Niemann has already earned a nickname, Joaco, and a reputation for being able to work the ball left to right, right to left, up and down, which will be crucial at a windy Royal Melbourne.
“I’m really, really impressed with his game and his ball flight," Els, who has played once previously with Niemann, told me from South Africa. "The way he can move the ball. You need to flight it and be able to play in wind. As a kid he’s young, he’s got no brain damage on stuff that happened. So, he’s fresh and ready to go. He wants to win. I was impressed with the way he got his card. Not too many guys have done that. For an international player to do what he did on the U.S. tour really takes some doing at that age.”
Els did give Niemann and his other three picks a break, informing them two nights earlier than the official announcement. Niemann initially missed Els’ call and waited anxiously for five minutes for a callback.
“I was a little nervous, because I didn’t know if it was going to be a good reason or a bad reason, and then he called me it and he was like, ‘Hey, it’s Ernie.
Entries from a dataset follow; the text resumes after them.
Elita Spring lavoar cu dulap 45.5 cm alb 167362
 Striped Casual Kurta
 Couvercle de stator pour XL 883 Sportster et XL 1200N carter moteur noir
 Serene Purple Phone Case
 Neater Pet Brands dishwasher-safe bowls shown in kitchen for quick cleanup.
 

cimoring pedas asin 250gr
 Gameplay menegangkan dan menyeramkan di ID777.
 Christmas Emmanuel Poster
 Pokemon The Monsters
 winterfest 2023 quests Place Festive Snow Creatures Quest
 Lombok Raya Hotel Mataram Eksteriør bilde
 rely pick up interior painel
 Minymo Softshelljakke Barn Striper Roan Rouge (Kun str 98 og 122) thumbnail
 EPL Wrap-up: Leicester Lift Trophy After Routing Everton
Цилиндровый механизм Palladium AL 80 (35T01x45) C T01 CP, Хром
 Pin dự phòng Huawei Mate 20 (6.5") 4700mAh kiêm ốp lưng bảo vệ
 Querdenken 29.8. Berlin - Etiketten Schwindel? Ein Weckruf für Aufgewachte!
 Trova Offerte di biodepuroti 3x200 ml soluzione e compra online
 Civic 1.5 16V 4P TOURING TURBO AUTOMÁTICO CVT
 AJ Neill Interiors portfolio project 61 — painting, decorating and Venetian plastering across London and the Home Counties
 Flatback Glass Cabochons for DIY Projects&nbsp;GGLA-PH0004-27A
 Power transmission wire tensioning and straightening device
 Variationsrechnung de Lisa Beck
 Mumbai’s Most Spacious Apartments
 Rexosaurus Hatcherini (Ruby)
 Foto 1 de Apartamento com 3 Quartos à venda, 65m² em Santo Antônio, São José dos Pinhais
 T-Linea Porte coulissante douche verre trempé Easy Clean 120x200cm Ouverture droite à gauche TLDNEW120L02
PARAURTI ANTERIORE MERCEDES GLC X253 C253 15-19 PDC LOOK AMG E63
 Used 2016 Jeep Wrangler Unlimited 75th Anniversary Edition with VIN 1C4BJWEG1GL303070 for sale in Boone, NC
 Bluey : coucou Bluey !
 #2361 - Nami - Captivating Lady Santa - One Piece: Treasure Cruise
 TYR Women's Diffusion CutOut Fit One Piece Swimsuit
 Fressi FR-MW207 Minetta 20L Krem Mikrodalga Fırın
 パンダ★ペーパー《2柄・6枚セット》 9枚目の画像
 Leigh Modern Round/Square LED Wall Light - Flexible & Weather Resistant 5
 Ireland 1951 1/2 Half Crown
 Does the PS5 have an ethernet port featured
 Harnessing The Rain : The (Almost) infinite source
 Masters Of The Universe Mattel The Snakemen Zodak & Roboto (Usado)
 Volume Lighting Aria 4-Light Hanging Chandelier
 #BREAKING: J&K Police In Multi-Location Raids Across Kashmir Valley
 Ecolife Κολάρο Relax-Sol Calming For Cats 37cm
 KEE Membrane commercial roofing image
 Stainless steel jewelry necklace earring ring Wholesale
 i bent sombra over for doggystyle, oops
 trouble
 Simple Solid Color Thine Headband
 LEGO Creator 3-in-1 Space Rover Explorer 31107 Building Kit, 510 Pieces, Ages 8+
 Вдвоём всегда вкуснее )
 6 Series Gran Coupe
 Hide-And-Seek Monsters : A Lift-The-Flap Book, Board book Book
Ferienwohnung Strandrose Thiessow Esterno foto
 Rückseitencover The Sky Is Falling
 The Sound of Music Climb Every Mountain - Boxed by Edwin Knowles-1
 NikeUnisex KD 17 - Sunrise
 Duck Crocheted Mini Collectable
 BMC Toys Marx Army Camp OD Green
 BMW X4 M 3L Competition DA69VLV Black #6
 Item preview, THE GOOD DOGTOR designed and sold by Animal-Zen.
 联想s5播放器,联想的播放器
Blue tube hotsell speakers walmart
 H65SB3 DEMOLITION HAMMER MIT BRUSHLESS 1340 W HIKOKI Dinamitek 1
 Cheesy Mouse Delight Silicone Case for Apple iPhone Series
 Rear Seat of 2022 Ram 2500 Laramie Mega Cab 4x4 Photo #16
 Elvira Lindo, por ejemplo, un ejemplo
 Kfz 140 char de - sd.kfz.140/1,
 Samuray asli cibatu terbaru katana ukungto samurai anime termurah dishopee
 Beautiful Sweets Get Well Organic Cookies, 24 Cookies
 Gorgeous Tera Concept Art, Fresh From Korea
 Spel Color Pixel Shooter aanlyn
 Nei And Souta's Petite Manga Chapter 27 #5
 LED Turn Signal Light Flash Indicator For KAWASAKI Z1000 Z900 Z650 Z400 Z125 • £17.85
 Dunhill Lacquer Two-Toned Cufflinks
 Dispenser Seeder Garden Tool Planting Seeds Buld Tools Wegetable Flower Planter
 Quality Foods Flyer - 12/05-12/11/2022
I’m just really happy for you. You’re going to get picked for the Presidents Cup.’”
Niemann was at his apartment in Palm Beach Gardens when Els called. He’s acclimated himself in the U.S. by setting up base close to the game’s superstars and has played practice rounds with Tiger Woods and Dustin Johnson. He’s also received advice from Jack Nicklaus. Niemann has already joined the Dye Preserve in Palm Beach Gardens and is thinking about joining Medalist, the home club for Woods, among other tour pros.
“I haven’t been around him too much, but I know him a little bit,” Niemann said of Woods, the U.S. Presidents Cup captain and team member. Asked what it would like to compete against Woods at Royal Melbourne, Niemann smiled and said, “I would love to play against him. Match play against him would be awesome for me, I think.” While Woods is 22 years older, Niemann does remember watching Woods on his television set in Talagante on the outskirts of Santiago.
Although he was only 5 years old at the time, the moment Niemann most remembers is the fabled Presidents Cup duel between Els and Woods at Fancourt, South Africa, in 2003.
“I mean, I have nothing to lose,” Niemann, with a big smile, said of a possible Woods matchup. “He’s got more to lose.”